● **ABOUT THIS EXERCISE**: Everything below from the line with "image:imageDALSTRONG Hori Hori" through the line with "BERNY Exterior Wall" should be copied exactly, and nothing else; leave out the pictures.

● **DATA RECORDS**:

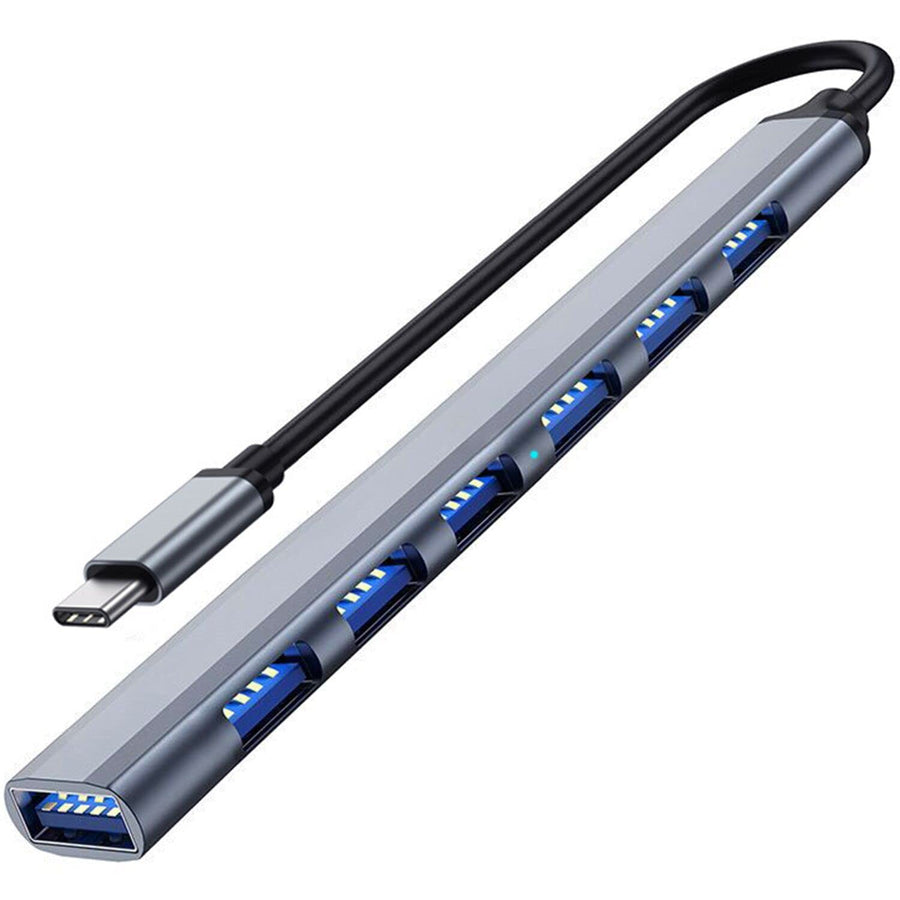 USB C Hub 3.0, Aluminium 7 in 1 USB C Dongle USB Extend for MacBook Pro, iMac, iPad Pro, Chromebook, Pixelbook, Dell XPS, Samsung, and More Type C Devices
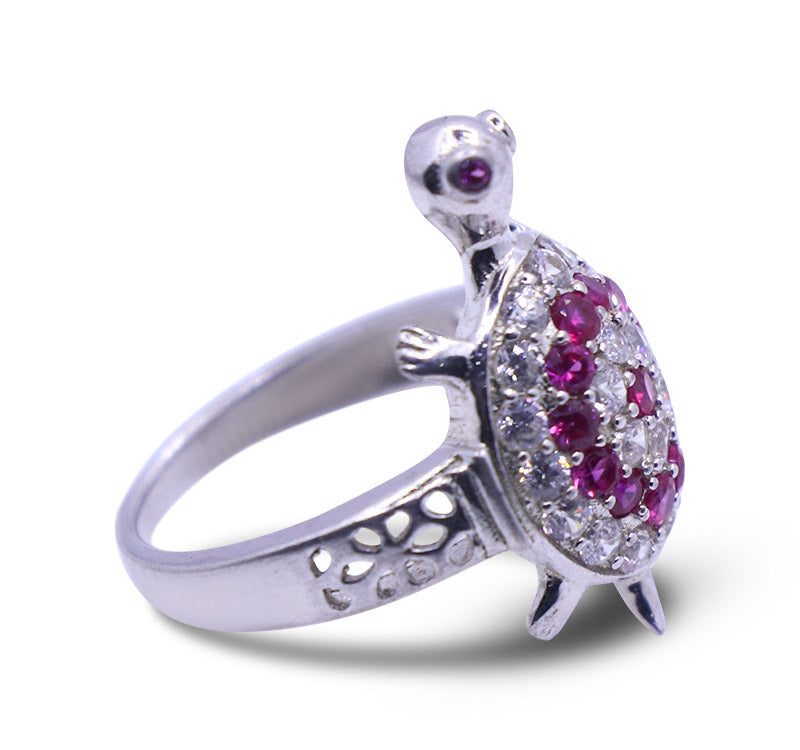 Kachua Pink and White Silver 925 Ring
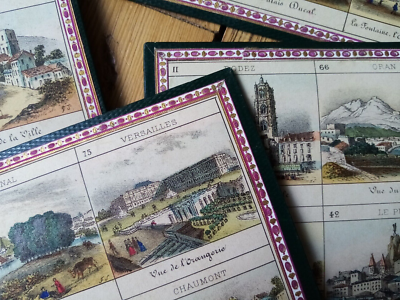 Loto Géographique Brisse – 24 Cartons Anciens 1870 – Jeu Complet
---
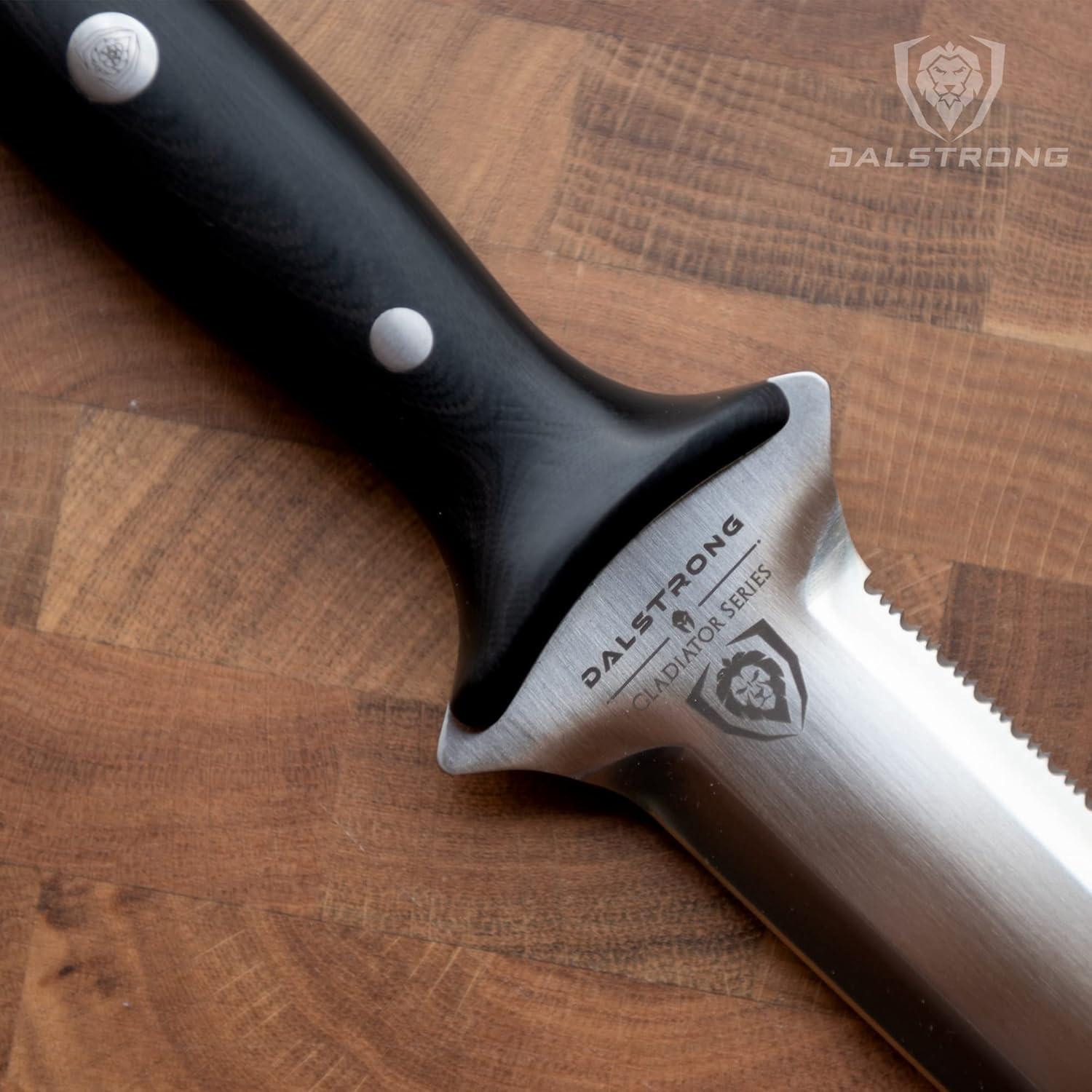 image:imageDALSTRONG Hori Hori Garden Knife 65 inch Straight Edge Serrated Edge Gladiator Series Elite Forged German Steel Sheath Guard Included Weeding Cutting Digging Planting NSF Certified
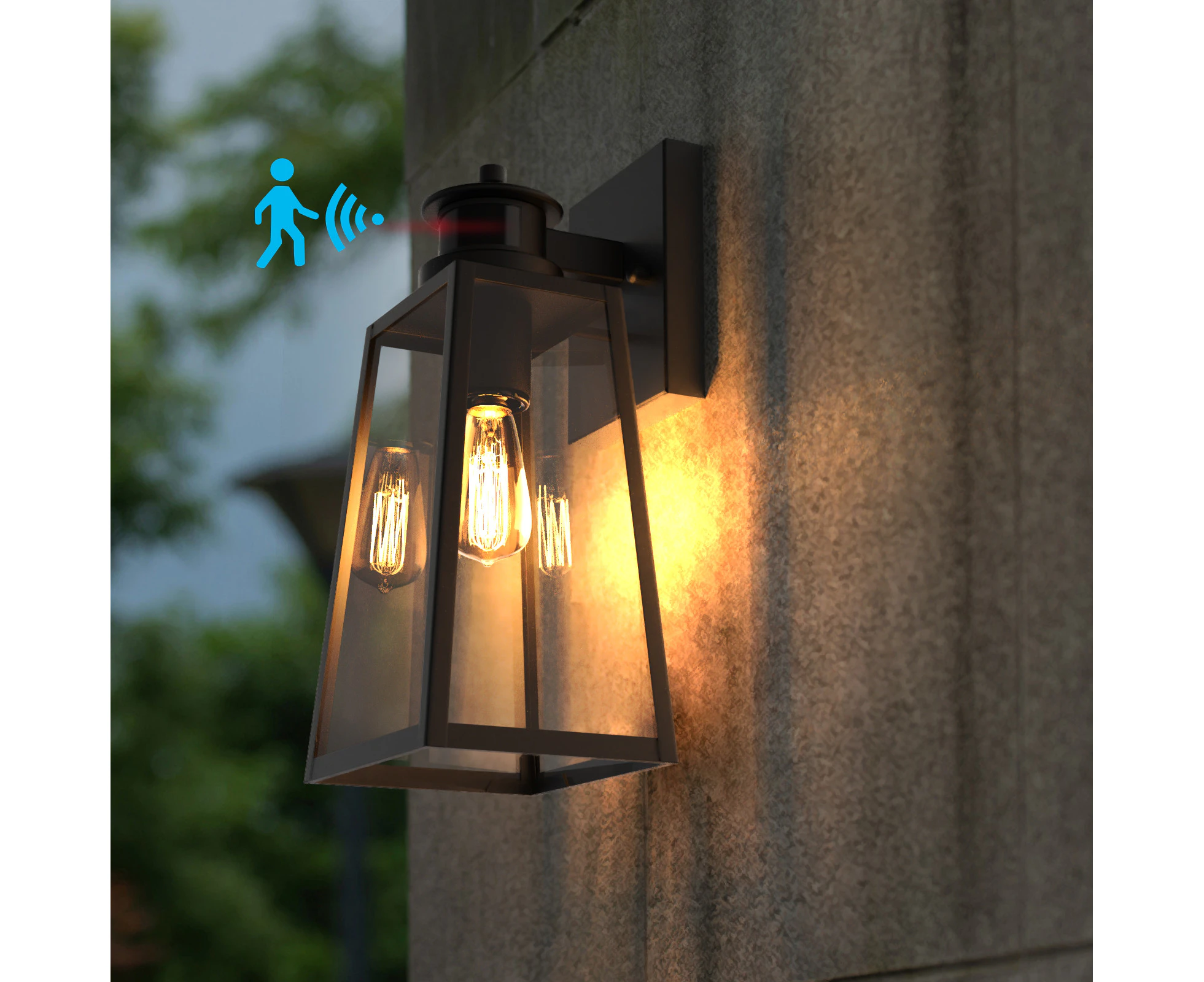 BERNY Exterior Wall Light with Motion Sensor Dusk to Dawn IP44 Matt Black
...
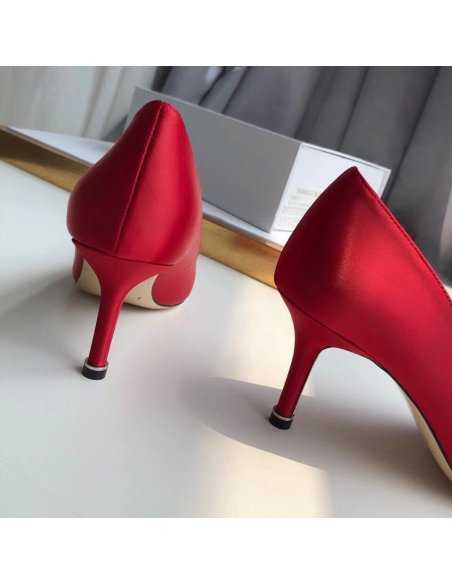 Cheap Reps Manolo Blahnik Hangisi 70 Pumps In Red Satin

● **OUTPUT BELOW**:
 image:imageDALSTRONG Hori Hori Garden Knife 65 inch Straight Edge Serrated Edge Gladiator Series Elite Forged German Steel Sheath Guard Included Weeding Cutting Digging Planting NSF Certified
 BERNY Exterior Wall Light with Motion Sensor Dusk to Dawn IP44 Matt Black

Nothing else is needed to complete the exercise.